Short text fragments from websites:
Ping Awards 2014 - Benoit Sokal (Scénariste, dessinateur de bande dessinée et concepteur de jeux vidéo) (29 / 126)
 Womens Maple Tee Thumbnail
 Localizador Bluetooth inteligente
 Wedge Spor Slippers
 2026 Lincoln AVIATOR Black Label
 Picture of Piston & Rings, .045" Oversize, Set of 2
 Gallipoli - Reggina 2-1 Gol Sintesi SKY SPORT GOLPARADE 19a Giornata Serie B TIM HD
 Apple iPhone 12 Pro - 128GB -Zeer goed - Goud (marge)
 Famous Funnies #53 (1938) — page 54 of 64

_Problem to work on_.
Could you return all of the entries exactly as they stand?

_Result for this exercise_.
Ping Awards 2014 - Benoit Sokal (Scénariste, dessinateur de bande dessinée et concepteur de jeux vidéo) (29 / 126)
 Womens Maple Tee Thumbnail
 Localizador Bluetooth inteligente
 Wedge Spor Slippers
 2026 Lincoln AVIATOR Black Label
 Picture of Piston & Rings, .045" Oversize, Set of 2
 Gallipoli - Reggina 2-1 Gol Sintesi SKY SPORT GOLPARADE 19a Giornata Serie B TIM HD
 Apple iPhone 12 Pro - 128GB -Zeer goed - Goud (marge)
 Famous Funnies #53 (1938) — page 54 of 64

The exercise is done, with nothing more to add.